→ Excerpts from a dataset:
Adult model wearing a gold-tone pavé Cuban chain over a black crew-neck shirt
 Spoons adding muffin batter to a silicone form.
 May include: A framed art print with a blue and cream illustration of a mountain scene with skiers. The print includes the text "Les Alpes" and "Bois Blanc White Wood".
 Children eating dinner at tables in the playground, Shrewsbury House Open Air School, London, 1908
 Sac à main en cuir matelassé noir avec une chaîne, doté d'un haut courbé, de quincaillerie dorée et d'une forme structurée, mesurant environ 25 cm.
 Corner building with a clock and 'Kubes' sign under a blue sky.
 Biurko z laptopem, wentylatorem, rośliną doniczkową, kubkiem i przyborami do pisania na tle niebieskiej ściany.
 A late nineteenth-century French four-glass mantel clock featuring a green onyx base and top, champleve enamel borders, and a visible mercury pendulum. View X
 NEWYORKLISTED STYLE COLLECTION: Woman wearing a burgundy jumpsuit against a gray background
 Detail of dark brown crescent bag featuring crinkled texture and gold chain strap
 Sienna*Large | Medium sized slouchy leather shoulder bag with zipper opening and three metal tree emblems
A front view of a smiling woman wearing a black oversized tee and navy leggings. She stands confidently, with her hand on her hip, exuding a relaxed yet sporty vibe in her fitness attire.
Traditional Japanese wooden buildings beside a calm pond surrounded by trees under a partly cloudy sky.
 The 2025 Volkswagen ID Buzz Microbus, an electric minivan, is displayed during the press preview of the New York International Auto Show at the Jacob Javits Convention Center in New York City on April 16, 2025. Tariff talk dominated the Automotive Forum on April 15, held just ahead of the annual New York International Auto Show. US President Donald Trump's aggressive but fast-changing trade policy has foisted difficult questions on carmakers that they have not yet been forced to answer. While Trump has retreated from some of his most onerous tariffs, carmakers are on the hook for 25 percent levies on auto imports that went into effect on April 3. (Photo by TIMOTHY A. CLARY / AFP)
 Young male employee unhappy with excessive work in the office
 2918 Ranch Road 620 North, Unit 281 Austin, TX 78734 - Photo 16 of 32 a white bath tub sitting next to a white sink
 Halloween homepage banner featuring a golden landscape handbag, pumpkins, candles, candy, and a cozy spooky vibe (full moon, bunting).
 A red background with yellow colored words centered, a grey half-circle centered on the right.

→ EXERCISE REQUIREMENTS: Check the entries above for the word "clock" and copy every line where it turns up.

→ RESPONSE BELOW:
 Corner building with a clock and 'Kubes' sign under a blue sky.
 A late nineteenth-century French four-glass mantel clock featuring a green onyx base and top, champleve enamel borders, and a visible mercury pendulum. View X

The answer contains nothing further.